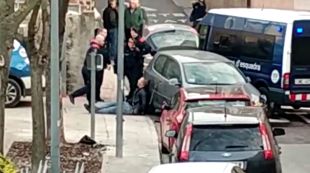 Fuig d'un control, envesteix quatre cotxes i inicia una persecució pel centre de Cassà de la Selva
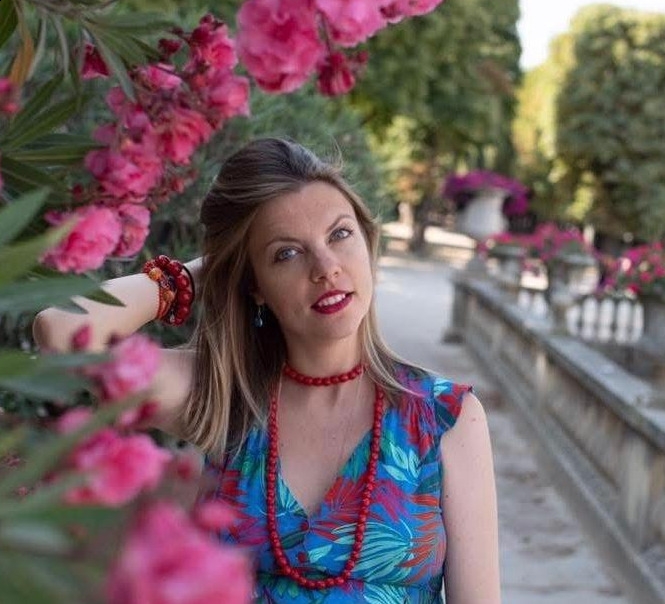 Photo de Natalia (Paris) / Réf. 93625 / Agence Amélie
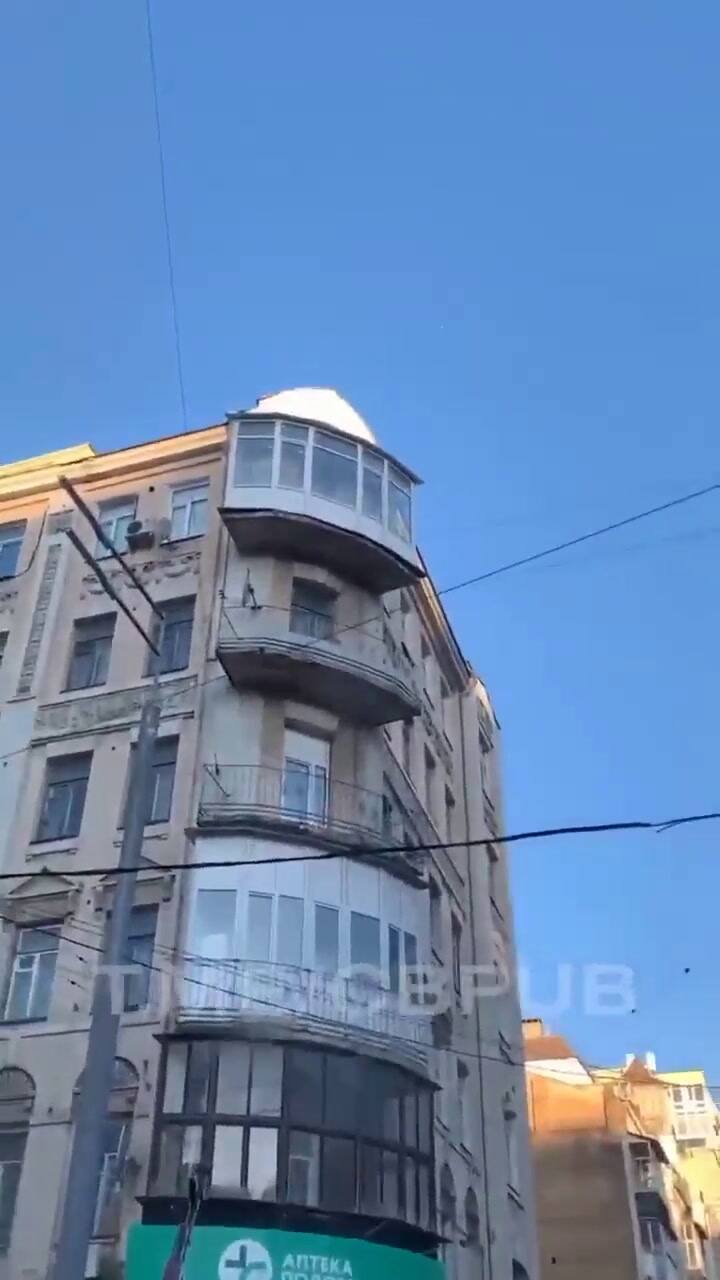 Soldados ucranianos disparan a uno de los drones suicidas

______________________________

**WHAT THE TASK ASKS**
An exact retyping of the material, minus the pictures, is the required answer.

**COMPLETED TASK**
 Fuig d'un control, envesteix quatre cotxes i inicia una persecució pel centre de Cassà de la Selva
 Photo de Natalia (Paris) / Réf. 93625 / Agence Amélie
 Soldados ucranianos disparan a uno de los drones suicidas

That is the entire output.